FOM: Foundationalism
JoeShipman@aol.com
JoeShipman at aol.com
Sun Sep 13 03:10:24 EDT 1998
Daer Reuben,
Thanks for an interesting posting. I have some questions about it:
1) Which 3 Fields medalists had incomplete proofs of important results? Did
they have other sufficiently important results that *were* completely proven,
or is there still some doubt that they have actually proven anything important
(in this paragraph of course "important" means "Fields-medal-quality-
important, arguably as significant as anything else being done in mathematics
in the last few years"). If the named individuals agree with you that their
most important proofs are incomplete, and the Fields committee knew this (two
very big "ifs"), then either you are correct about the dispensability of
foundations or the Fields committee is to be condemned for dishonesty and the
use of improper criteria.
2) Even though the parallel postulate became dubitable, it was still part of a
genuine foundation. Occasionally foundations need to be repaired! Your focus
on "dubitability" and the loss of it in modern times when it was not
philosophically correct to invoke Heaven or the mind of God is illuminating,
but don't forget that human mathematicians like Descartes, while believing
that Mathematical Truth really existed and God knew what it was, knew they had
no pipeline to God's mind and had to figure it out on their own, starting from
some bedrock of definitions and propositions to be accepted a priori.

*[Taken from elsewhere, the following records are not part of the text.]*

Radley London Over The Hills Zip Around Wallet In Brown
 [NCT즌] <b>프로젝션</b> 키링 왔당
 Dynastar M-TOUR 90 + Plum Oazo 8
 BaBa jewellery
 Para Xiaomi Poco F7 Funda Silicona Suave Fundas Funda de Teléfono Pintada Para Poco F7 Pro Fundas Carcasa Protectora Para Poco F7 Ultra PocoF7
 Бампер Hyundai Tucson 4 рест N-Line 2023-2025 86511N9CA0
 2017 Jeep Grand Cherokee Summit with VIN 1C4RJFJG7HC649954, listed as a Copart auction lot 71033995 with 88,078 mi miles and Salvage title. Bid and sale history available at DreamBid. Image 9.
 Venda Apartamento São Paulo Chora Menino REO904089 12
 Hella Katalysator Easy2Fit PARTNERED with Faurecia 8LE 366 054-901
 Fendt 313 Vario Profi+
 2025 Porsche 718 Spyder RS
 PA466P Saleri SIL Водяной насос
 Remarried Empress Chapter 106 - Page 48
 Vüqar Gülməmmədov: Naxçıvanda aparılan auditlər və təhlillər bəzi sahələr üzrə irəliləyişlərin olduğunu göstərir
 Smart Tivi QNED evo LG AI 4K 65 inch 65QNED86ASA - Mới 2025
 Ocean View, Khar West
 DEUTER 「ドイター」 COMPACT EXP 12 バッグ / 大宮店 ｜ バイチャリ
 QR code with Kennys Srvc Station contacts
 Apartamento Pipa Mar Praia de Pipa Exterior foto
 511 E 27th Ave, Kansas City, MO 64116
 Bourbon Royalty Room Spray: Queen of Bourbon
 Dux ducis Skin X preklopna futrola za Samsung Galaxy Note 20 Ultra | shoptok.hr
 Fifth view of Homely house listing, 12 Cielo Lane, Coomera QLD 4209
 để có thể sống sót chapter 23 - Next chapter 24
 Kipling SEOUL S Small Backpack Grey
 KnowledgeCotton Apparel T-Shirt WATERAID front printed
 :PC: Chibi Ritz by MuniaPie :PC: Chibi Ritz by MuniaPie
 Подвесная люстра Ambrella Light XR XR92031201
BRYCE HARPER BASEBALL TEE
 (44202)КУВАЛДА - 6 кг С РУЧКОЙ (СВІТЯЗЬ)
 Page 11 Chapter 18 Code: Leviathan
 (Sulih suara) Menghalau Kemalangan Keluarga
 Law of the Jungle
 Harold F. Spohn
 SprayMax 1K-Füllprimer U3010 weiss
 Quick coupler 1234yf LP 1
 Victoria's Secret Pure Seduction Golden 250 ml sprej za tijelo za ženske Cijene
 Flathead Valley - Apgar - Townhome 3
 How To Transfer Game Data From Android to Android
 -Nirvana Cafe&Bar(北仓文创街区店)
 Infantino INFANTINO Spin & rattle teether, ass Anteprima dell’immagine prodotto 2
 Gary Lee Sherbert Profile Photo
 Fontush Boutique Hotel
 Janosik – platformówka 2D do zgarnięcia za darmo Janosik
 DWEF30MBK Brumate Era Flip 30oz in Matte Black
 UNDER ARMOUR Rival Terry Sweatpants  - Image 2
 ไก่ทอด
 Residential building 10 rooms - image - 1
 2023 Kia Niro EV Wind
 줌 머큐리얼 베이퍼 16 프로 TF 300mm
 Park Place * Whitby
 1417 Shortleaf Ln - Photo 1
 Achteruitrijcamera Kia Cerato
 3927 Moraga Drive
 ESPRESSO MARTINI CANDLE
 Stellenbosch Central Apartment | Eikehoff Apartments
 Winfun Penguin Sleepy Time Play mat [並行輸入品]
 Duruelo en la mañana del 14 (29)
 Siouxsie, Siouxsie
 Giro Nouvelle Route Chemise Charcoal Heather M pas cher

Why do mathematicians *eventually* come to a consensus (very broad if not
unanimous) about whether a proposition has been proven or not? What is going
on? Answer: they satisfy themselves that the proof has reduced the
proposition to things they all agree upon. If you would deny that mathematics
is "well-founded" in this pragmatic sense, can you please give us some
examples where the "consensus" you say is "really" the hallmark of mathematics
did not arise by virtue of the proposition being logically reducible to
propositions that all the mathematicians participating in the consensus
accepted?
The "things they all agree upon", after sufficient iteration, will be a set of
basic propositions and definitions; since we have had a workable foundation in
"ZFC plus Predicate Calculus" for many years, that empirically is seen to be
sufficient to encompass all of these basic propositions and definitions,
mathematicians have generally stopped worrying about foundations. When you
observe this and claim that foundations don't matter, you trivialize this
hard-won victory (which was not a victory for indubitability but rather for
mathematical professionalism: the historically-unprecedented-in-scope failures
of consensus in the late 19th and early 20th centuries were repaired).
Philosophers of mathematics can argue about the dubitability of ZFC or
alternative foundations, and actual mathematicians may ignore the
philosophers, but as the shortcomings of the current foundations become
clearer (Harvey's project is to make them clearer by showing mathematicians
that a lot of things they should really want to know are not settled by ZFC)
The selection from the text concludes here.